While facilitating more than 150 X-IDEA innovation projects during the past 15 years with Thinkergy, I learned one thing for sure. The final challenge definition that the innovation teams come up with to frame their problem or the innovation opportunity at the end of the Xploration stage almost always differs from their initial perception of their innovation challenge. In other words, Xploration ensures that you go on creating ideas for your real challenge, and not for some initial impression that misses the point of what’s really going on. As the American inventor Charles Kettering put it: “A problem well stated is a problem half-solved.”

For example, in 2017-18, we helped Covestro AG in Leverkusen crack a taxing innovation case related to a high-margin product that was about to lose its main application due to technological innovation. The innovation project manager had framed the initial challenge as follows: “How to find new applications for (brand name of the high-performance polycarbonate)?” After one year of Xploration with an intense workshop and follow-up work sessions, we reframed the final challenge in an entirely different way: “How to make (brand name of the high-performance polycarbonate) more findable for our identified target customers?” In other words, while the initial challenge definition focused on “finding needles in a haystack,” the final challenge reversed this aim (“How to attract needles to the haystack?”).

5. Define idea evaluation criteria

At the end of the Xploration stage, the innovation teams or the project manager typically present their learnings to a management team sponsoring the innovation project.

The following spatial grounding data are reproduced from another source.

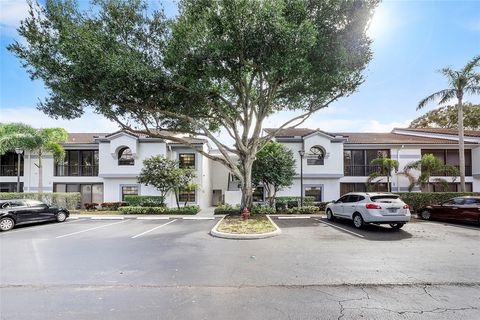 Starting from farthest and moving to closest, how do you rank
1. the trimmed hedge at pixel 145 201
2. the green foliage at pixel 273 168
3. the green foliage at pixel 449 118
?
1. the green foliage at pixel 449 118
2. the trimmed hedge at pixel 145 201
3. the green foliage at pixel 273 168

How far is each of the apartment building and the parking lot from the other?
12738mm

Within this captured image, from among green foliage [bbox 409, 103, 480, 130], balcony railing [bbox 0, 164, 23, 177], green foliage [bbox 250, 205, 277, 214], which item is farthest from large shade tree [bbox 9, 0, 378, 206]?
green foliage [bbox 409, 103, 480, 130]

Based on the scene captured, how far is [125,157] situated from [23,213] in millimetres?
10478

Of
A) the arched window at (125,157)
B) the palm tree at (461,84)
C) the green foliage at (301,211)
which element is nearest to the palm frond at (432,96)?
the palm tree at (461,84)

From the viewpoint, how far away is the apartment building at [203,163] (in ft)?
74.8

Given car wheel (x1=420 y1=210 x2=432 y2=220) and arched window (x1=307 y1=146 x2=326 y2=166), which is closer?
car wheel (x1=420 y1=210 x2=432 y2=220)

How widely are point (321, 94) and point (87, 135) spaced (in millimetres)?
24523

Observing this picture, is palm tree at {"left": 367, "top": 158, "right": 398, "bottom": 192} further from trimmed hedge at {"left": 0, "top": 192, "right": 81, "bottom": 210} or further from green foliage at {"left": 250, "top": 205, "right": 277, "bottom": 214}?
trimmed hedge at {"left": 0, "top": 192, "right": 81, "bottom": 210}

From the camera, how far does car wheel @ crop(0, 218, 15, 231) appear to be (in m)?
12.6

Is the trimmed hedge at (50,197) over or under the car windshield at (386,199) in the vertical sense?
under

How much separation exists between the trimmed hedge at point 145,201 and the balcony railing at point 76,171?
19.4 feet

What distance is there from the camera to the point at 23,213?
44.1 ft

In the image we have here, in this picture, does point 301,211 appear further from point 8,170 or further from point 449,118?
point 449,118

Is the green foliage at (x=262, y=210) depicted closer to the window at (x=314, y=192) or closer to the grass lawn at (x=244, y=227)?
the grass lawn at (x=244, y=227) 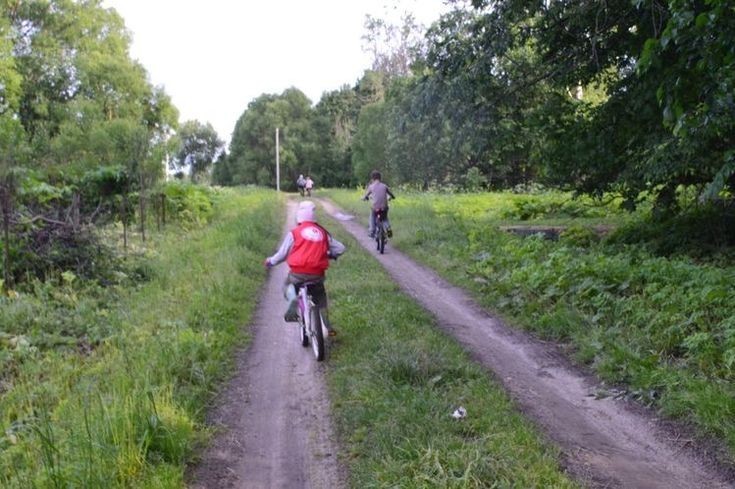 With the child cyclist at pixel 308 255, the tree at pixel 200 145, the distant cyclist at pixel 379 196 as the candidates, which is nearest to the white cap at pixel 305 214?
the child cyclist at pixel 308 255

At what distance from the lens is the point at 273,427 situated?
213 inches

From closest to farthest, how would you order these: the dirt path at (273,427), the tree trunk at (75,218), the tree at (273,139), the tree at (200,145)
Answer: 1. the dirt path at (273,427)
2. the tree trunk at (75,218)
3. the tree at (273,139)
4. the tree at (200,145)

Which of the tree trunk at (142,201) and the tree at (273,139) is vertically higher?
the tree at (273,139)

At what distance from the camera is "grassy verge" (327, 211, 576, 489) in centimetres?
415

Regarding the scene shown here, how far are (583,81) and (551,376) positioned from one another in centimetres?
795

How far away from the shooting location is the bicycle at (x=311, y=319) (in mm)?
7062

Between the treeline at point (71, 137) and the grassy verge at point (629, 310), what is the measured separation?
296 inches

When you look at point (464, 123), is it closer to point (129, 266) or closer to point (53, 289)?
point (129, 266)

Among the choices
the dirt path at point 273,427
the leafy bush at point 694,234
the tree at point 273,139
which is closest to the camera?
the dirt path at point 273,427

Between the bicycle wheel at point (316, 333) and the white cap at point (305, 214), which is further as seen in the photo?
the white cap at point (305, 214)

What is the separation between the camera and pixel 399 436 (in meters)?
4.68

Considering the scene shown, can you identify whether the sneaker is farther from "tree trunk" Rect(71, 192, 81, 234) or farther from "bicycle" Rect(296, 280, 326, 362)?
"tree trunk" Rect(71, 192, 81, 234)

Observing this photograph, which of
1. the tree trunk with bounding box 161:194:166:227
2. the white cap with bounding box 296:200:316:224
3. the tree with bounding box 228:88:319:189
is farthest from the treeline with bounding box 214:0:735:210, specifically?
the tree with bounding box 228:88:319:189

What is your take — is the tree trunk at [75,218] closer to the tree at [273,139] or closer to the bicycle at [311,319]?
the bicycle at [311,319] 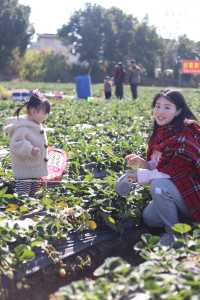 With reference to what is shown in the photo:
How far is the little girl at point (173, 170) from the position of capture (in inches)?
178

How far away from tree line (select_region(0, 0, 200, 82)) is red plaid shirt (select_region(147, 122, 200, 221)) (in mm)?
53239

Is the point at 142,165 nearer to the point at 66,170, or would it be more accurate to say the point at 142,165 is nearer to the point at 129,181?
the point at 129,181

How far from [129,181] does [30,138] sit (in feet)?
4.16

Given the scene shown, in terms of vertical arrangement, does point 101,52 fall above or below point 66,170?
above

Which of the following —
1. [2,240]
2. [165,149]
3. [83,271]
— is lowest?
[83,271]

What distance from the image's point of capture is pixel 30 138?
225 inches

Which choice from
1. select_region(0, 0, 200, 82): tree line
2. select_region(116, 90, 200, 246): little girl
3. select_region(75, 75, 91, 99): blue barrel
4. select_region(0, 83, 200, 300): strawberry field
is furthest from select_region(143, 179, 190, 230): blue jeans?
select_region(0, 0, 200, 82): tree line

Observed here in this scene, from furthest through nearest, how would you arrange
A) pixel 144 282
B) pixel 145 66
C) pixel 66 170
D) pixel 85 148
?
pixel 145 66, pixel 85 148, pixel 66 170, pixel 144 282

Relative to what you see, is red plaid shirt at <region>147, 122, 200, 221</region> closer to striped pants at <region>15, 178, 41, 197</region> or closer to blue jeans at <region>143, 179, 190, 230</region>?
blue jeans at <region>143, 179, 190, 230</region>

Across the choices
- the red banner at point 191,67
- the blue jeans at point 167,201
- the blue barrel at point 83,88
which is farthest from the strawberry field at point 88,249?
the red banner at point 191,67

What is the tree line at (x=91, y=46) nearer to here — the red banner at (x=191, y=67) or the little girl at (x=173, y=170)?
the red banner at (x=191, y=67)

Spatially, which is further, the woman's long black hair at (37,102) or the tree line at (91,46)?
the tree line at (91,46)

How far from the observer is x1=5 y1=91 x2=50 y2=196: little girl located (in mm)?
5609

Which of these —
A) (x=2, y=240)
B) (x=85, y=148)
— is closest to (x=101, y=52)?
(x=85, y=148)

This interim review meeting is the ideal moment to get senior managers’ consent to a set of idea evaluation criteria for the project. Later on, the teams apply these criteria to select the most promising concepts during Evaluation (X-IDEA’s fourth stage). Moreover,  in the final Action-stage, a management panel also uses these criteria to assess the fitness of the pitched top ideas before giving their approval for real-life implementation.

Idea Evaluation Criteria can be broken down in “must-criteria” (knock-out criteria that an idea must comply with) and “want-criteria” (criteria assessing the market potential and ease of implementation of an idea).

Conclusion: First invest time to understand your innovation challenge, then resolve it

Abraham Lincoln said: “Give me six hours to chop down a tree and I will spend the first four sharpening the axe.” Likewise, if you plan to undertake an innovation project in 2020, make sure that you dedicate sufficient time to the first, investigative stage of the innovation process that you use (such as the Xploration stage in X-IDEA). How much time is sufficient? Depending on the importance of your project, this can be as little as a day and as much as a year.

© Dr. Detlef Reis 2019. The article is published in the Thinkergy Blog on November 21, 2019. It will be re-printed in the Bangkok Post on November 27, 2019.